Sociologist Fabio Rojas reports on “a conversation I [Rojas] have had a few times with statisticians”:

Rojas: “What does your research tell us about a sample of, say, a few hundred cases?”

Statistician: “That’s not important. My result works as n–> 00.”

Rojas: “Sure, that’s a fine mathematical result, but I have to estimate the model with, like, totally finite data. I need inference, not limits. Maybe the estimate doesn’t work out so well for small n.”

Statistician: “Sure, but if you have a few million cases, it’ll work in the limit.”

Rojas: “Whoa. Have you ever collected, like, real world network data? A million cases is hard to get.”

The conversation continues in this frustrating vein. Rojas writes:

This illustrates a fundamental issue in statistics (and other sciences). One you formalize a model and work mathematically, you are tempted to focus on what is mathematically interesting instead of the underlying problem motivating the science. . . .

We have the same issue in statistics. “Statistics” can mean “the mathematics of distributions and other functions arising in statistical models.” Or it can mean the traditional problems of statistics like inference, measurement, model estimation, sampling, data collection/management, forecasting, and description. The problem for a guy like me (a social scientist with real data) is that the label “statistician” often denotes someone who is actually a mathematician who happens to be interested in distributions. . . . What I really want is a nuts and bolts person to help me solve problems.
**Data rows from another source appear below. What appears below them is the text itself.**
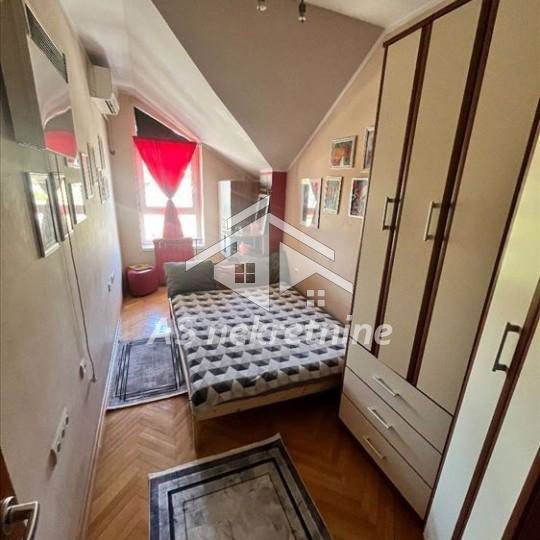 Dvosoban stan za izdavanje, Blok 63, Beograd, 44m², 600 €/mes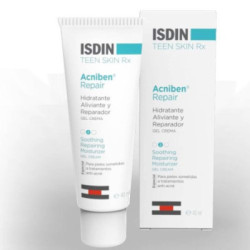 Acniben Rx Gel Crema Hidratante 40 Ml.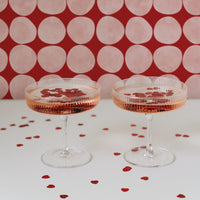 modern retro style pink wallpaper for kitchen interior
My first reaction—actually, my main reaction—is that Rojas hangs out with the wrong sort of statistician. Following the links, I see that Rojas works at Indiana University, which features a large statistics department. I suspect he had the misfortune to encounter “a mathematician who happens to be interested in distributions” and he didn’t realize he could shop around among the many statisticians in that department who work on applied social research.

On the other hand, it’s a bad sign that Rojas reports having this conversation multiple times. I thought that statisticians nowadays know they’re supposed to be helpful on real problems. That “n -> infinity” thing seems so old-fashioned! I’d like to believe that Rojas was just having some bad luck, but maybe there’s more of this bad stuff going on than I realized. Or maybe it was just a communication problem?

It’s hard for me to imagine a statistician in 2012 telling a sociologist, “if you have a few million cases, it’ll work in the limit,” except as a joke, as an ironic comment on the limitations of some of our theory. But perhaps that just reflects the poverty of my imagination.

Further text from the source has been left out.